US-made riot-control munitions were used by authorities in Colombia at a clash that resulted in the death of indigenous broadcaster Efigenia Vasquez Astudillo. She was reporting on clashes between the state’s Mobile Anti-Riot Squadron, or Esmad, and the Kokonuko people in Cauca State.
The Kokonuko people, in addition to their ancestral occupation of the land, hold a colonial-era title to the area they live in, and are protected by the Colombian constitution. Armed right-wing paramilitary organizations have been trying to usurp the land for resource exploitation, according to a report by Patriotic March and the group Indepaz.
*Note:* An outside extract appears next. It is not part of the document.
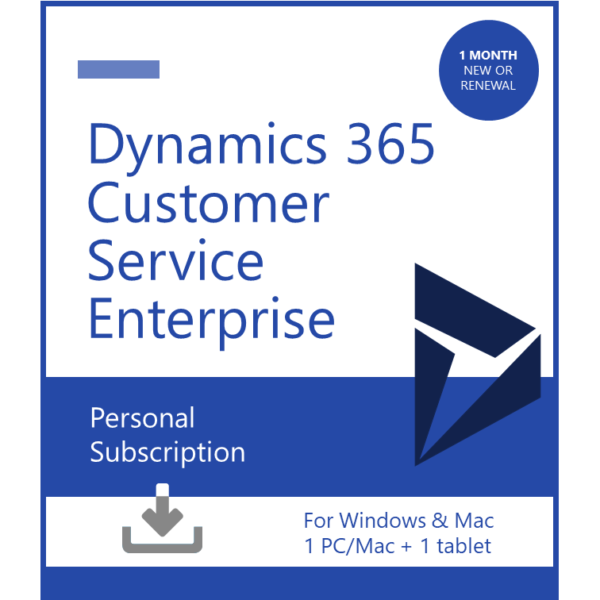 Dynamics 365 Customer Service Enterprise - INKUBIT Shop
According to the same report, one-hundred-one indigenous social leaders and environmental defenders have been killed in Colombia since the beginning of the year, most in Cauca state.
KBOO reporter John Walsh is in Cauca State, in Colombia, and confirmed with pictures that the riot munitions used by Esmad in the recent clashes that killed Astudillo were manufactured in the United States. Two of the manufacturers, as the pictures show, are Combined Practical Systems of Jamestown, Pennsylvania, and Non-Lethal Technologies of Homer City, Pennsylvania.
It is unclear at this point if Esmad has received US training.
We will continue reporting on this story as it unfolds and as we hear more from John in Colombia.